--- Supplied material Enclosed Below ---
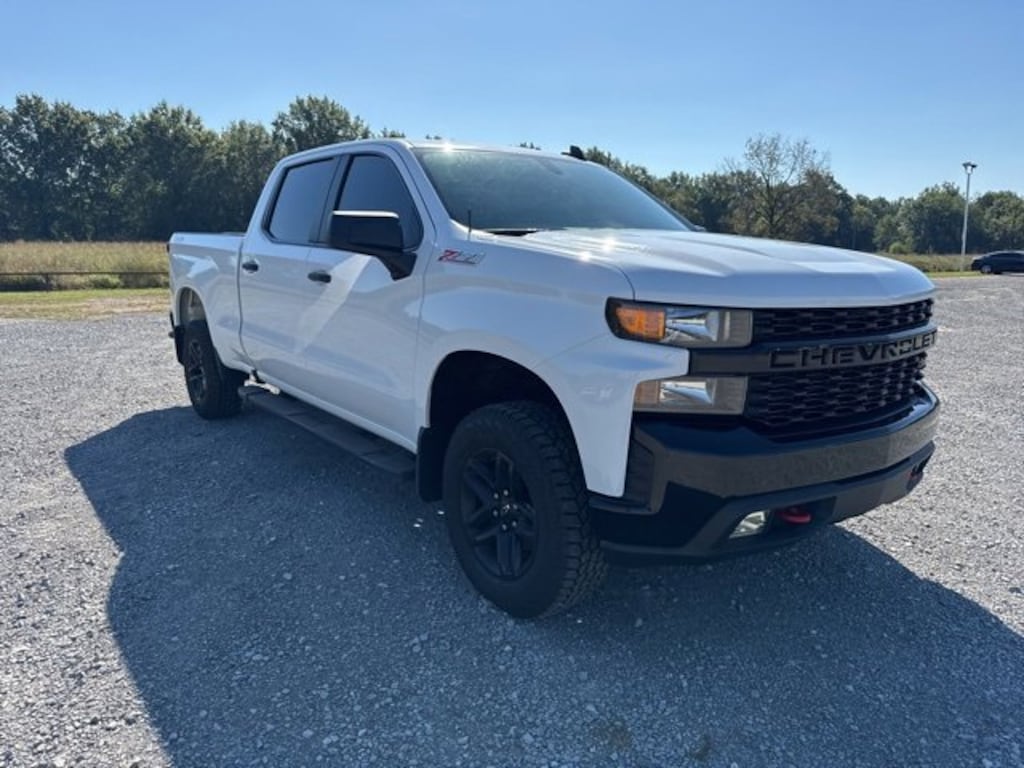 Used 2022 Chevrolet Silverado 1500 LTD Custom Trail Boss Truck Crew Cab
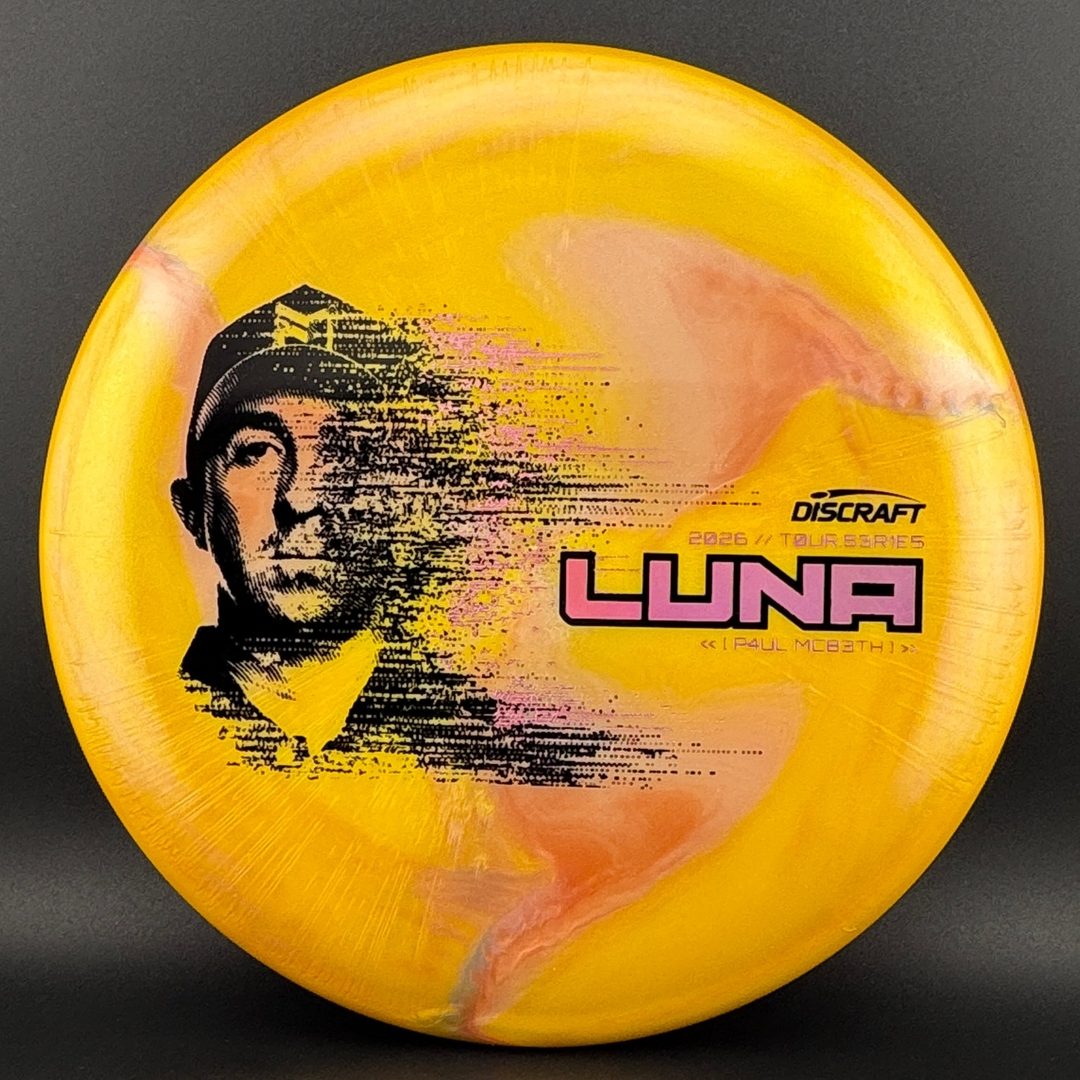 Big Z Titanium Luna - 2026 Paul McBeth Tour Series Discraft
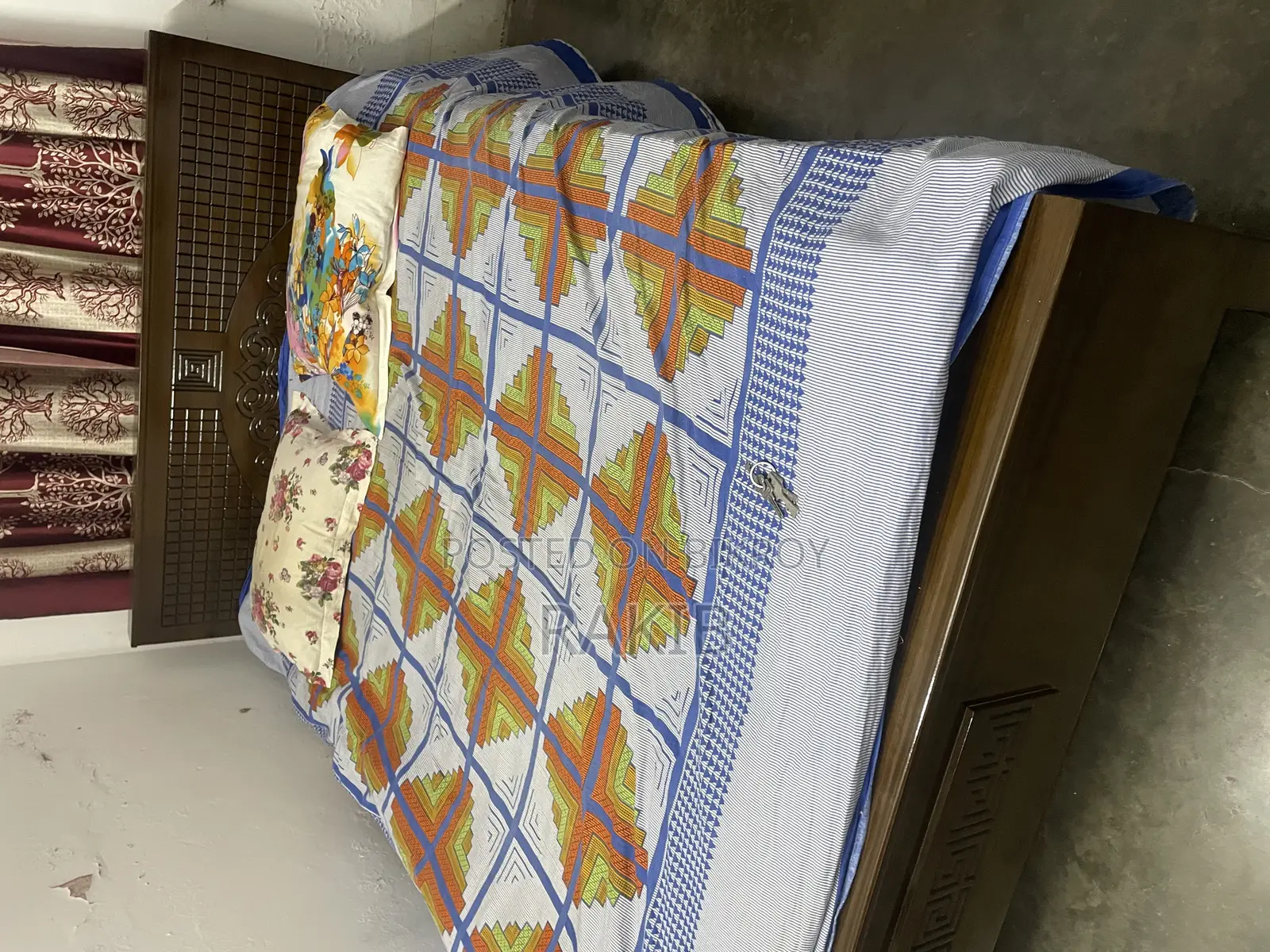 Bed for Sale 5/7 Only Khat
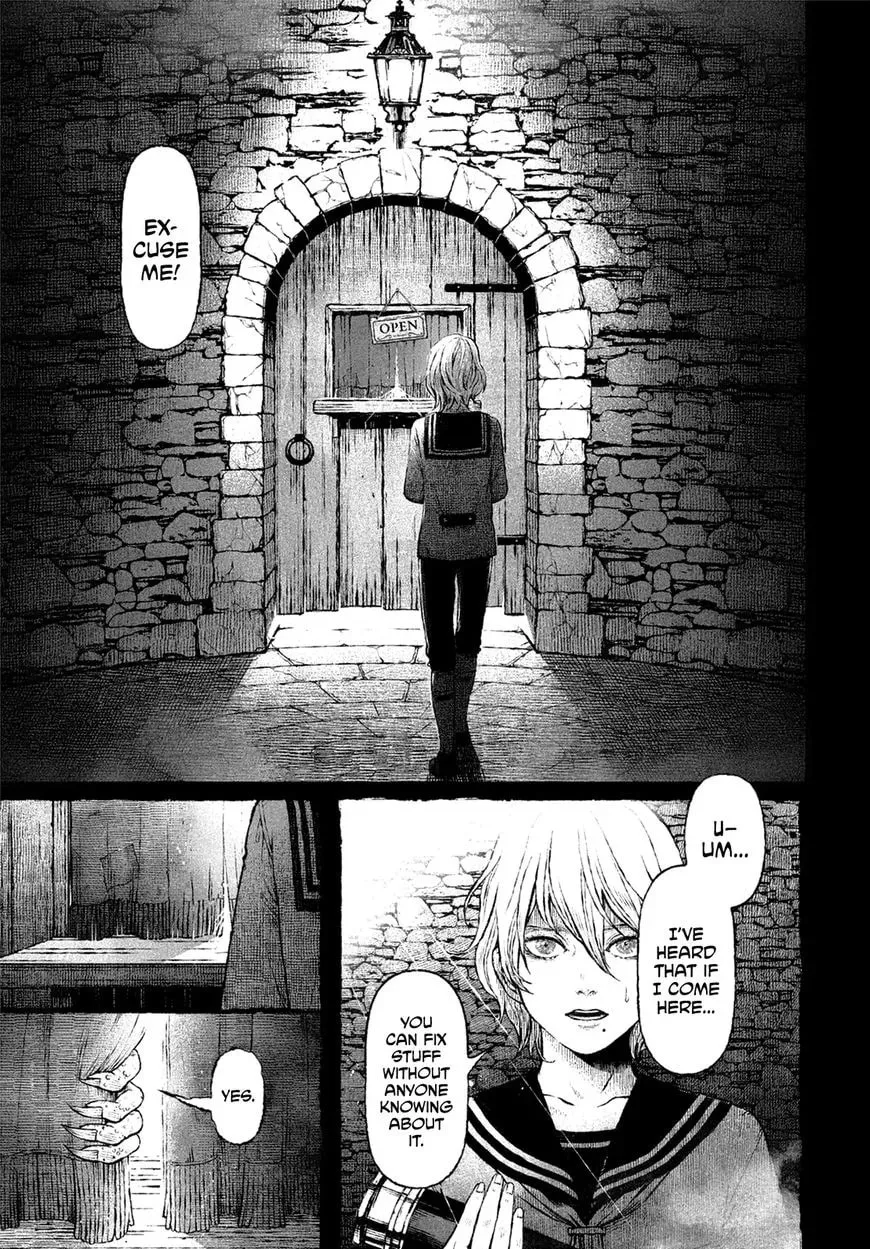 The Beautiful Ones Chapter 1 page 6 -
--- End of Enclosed Supplied material ---
--- Supplied material Enclosed Below ---
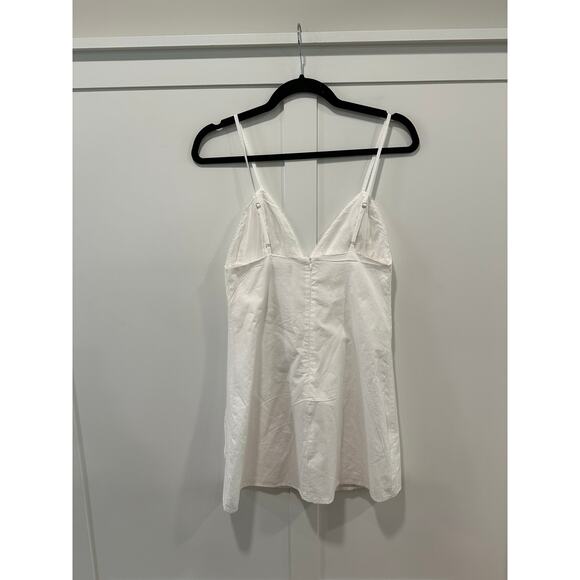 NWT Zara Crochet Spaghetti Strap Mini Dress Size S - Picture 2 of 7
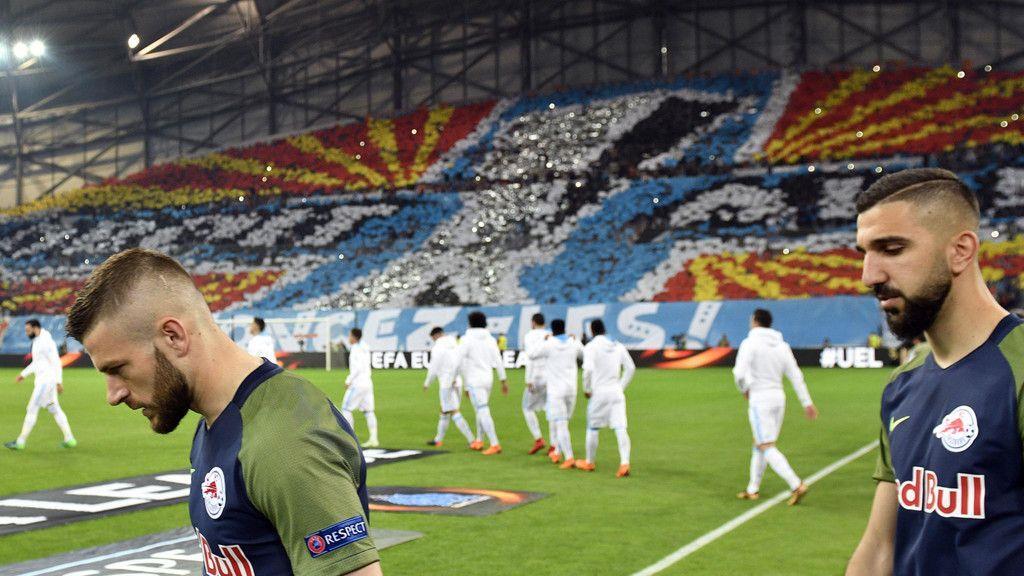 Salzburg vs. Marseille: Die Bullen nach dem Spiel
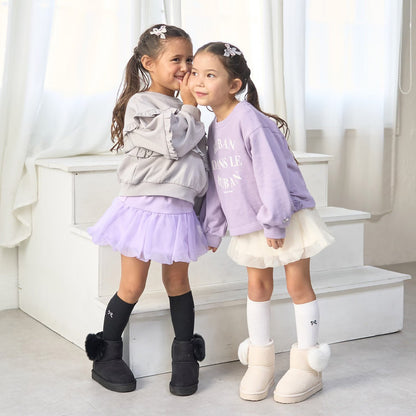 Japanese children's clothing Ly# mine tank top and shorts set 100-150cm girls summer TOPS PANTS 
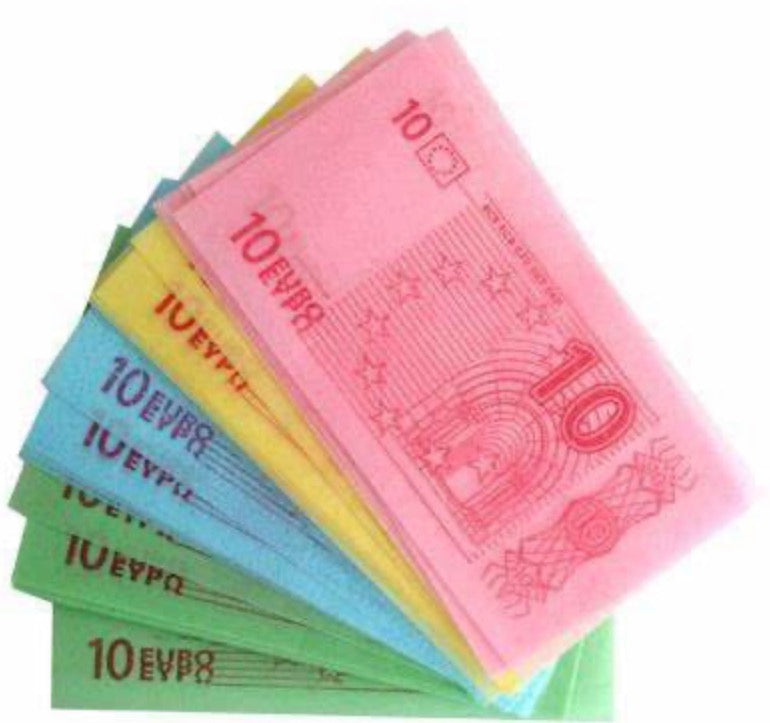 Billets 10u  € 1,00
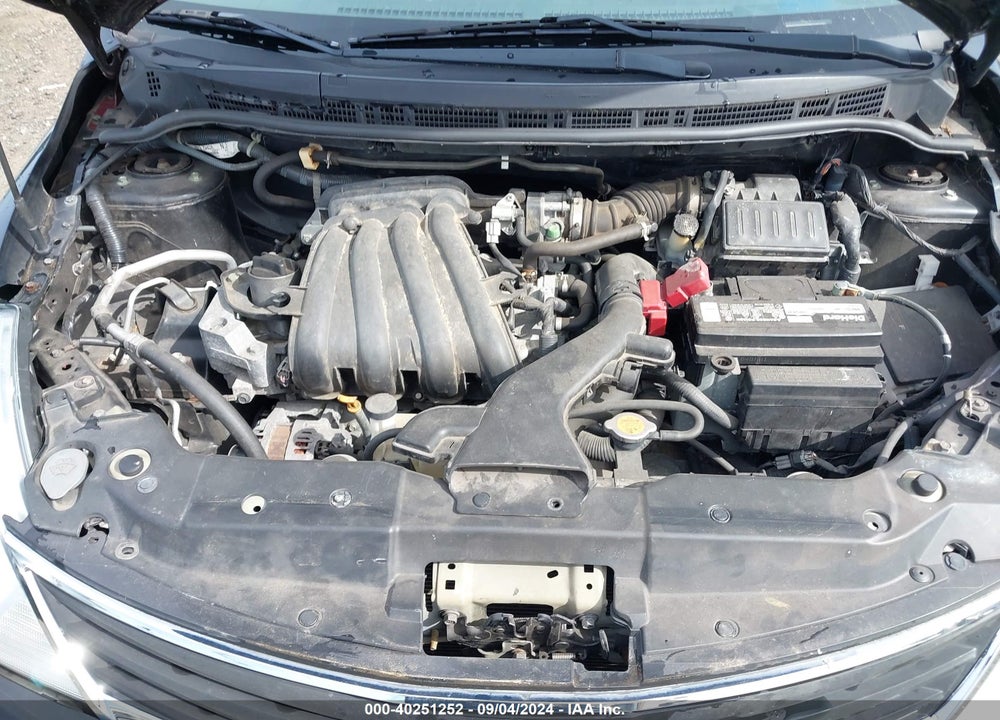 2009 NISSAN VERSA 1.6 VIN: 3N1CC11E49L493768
--- End of Enclosed Supplied material ---
### [Problem to solve]
The answer must be the lines above from the one containing "NWT Zara Crochet" through the one containing "2009 NISSAN VERSA 1.6 VIN: 3N1CC11E49L493768", reproduced exactly, with no pictures and nothing else.

### [Result below]
 NWT Zara Crochet Spaghetti Strap Mini Dress Size S - Picture 2 of 7
 Salzburg vs. Marseille: Die Bullen nach dem Spiel
 Japanese children's clothing Ly# mine tank top and shorts set 100-150cm girls summer TOPS PANTS 
 Billets 10u  € 1,00
 2009 NISSAN VERSA 1.6 VIN: 3N1CC11E49L493768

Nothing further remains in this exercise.